The notice, signed by Cabinet Secretary John Mbadi, sets a deadline of May 29, 2026, for submissions. A key stakeholders’ meeting is scheduled for May 22 at Treasury headquarters, followed by a public consultation at the Kenya School of Government on May 25.
On the surface, this looks like the government getting it right. One of the central reasons the High Court struck down the original flat KES 50 convenience fee in April 2025 was that it had been introduced without public participation.
Justice Chacha Mwita described the charge as irrational and unconscionable, imposed without any clear explanation of where the money went or what it funded.
The government is now doing what it was told to do: putting the fee in a legal framework and opening it to public input before gazetting it.

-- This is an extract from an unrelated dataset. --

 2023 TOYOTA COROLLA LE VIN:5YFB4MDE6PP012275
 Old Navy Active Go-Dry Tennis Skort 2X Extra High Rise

After the Court of Appeal dismissed the government’s bid to suspend the High Court ruling in November 2025, Attorney General Dorcas Oduor directed CS Mbadi to comply with the order halting collection of the KES 50 fee.
That directive came after a contempt of court application was filed against senior government officials accused of continuing to collect the fee regardless.
The government collected fees it had been told were illegal, then sought to retroactively legitimize them through new regulations.
The new tiered structure, which ranges from KES 5 for transactions between KES 100 and KES 499, up to KES 100 for transactions above KES 100,000, is presented as a more rational approach. That may be true.
A tiered fee is harder to challenge on fairness grounds than a flat charge applied regardless of service cost, but the regulations do not answer the question that courts and critics have kept asking: who exactly benefits?
READ: Parents No Longer Forced to Pay School Fees Via eCitizen
Three private companies run the eCitizen platform. Pesaflow Limited handles payment aggregation; Webmasters Kenya manages technical operations, and Olivetree Limited handles communications.
Together, these firms earned an estimated KES 100 million to KES 200 million a month under a maintenance contract with the government.

The new regulations centralize all government revenue collection through eCitizen and require both national and county entities to wind down their own revenue bank accounts.
That is a significant consolidation of public financial flows through a platform that the Auditor-General has already flagged for limited government oversight and an absence of backup systems.
READ: e-Citizen to Display Commercial Ads in Aggressive Revenue Drive
The public notice is the right procedural step, but participation only matters if the submissions can meaningfully change the outcome.
The consultations are scheduled less than three weeks away, and the fee structure and the companies that benefit from it appear settled. Whether anyone inside the Treasury is actually listening is a whole other question.